It easily lifts off the ground at 102 km/h. An Airbus A330 needs to be between 278 and 333 km/h. The Concorde, on the other hand, requires a whopping 407 km/h.
If they don't reach these speeds, what happens?
You know the answer, don't you? The lift won't overcome the weight if the aircraft doesn't reach the prescribed speed. The plane stays on the ground and is doomed to circle on the runway forever.
No one wants to circle the runway forever.
As cheesy as it sounds, we all want to be on autopilot, soaring through the sky. Yet, the main problem isn't with flying but knowing the takeoff speed. Without a benchmark, we have no way of knowing how to move forward. And this brings us to a pertinent question I get from clients fairly regularly.
The question is: How do you get so much done in a day, and still manage to have time to “waste”?
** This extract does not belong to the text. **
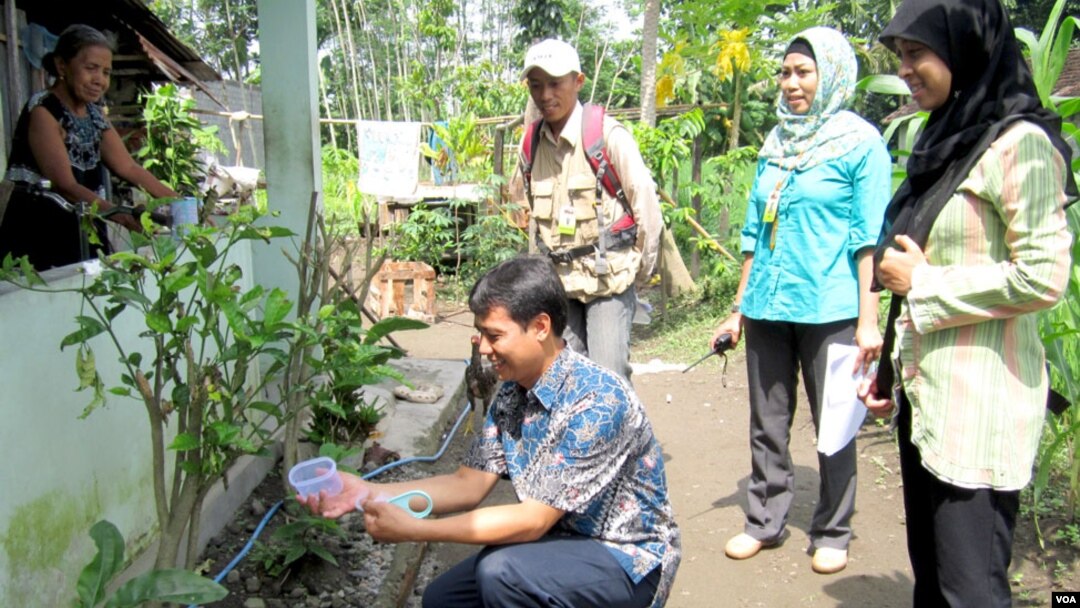 Pelepasan nyamuk yang mengandung bakteri wolbachia oleh tim peneliti UGM dan warga di Yogyakarta Januari lalu (foto: VOA/Nurhadi Sucahyo).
If you know me well, you probably are aware that I paint a watercolour diary (now over 4500 paintings), take photos (well over 35,000 images), cook once or twice a day, host many very active Whatsapp groups, while conducting a live 12-week course, a membership site, weekly podcast and answering every e-mail personally. Oh, and there's French and Spanish to learn as well.
The main point missed in this array of skills is that I was circling the airport, too.
If I were to go back to 2003, I would barely write two articles a month. My camera was stored away safely, and I didn't own watercolours.
Any language learning was sporadic and not getting me anywhere in a hurry. The podcast was at least 10 years away. The membership site existed, but only just, and there weren't many e-mails to answer.
Yet, the only way to do various activities is to understand the takeoff speed.
And it's best to avoid trying to run a freakin' airport. Instead, work on the Cessna. Those 4500 watercolours started with me being in a hopeless situation. I could draw very well, because I'd been drawing almost nonstop since childhood.
However, if you looked at my work in watercolour, well, that was very childish. In effect, I was circling the runway. I did what most people would do: I went to a class. Wait, I went to three separate watercolour classes.
Luckily, one of the teachers gave me a benchmark.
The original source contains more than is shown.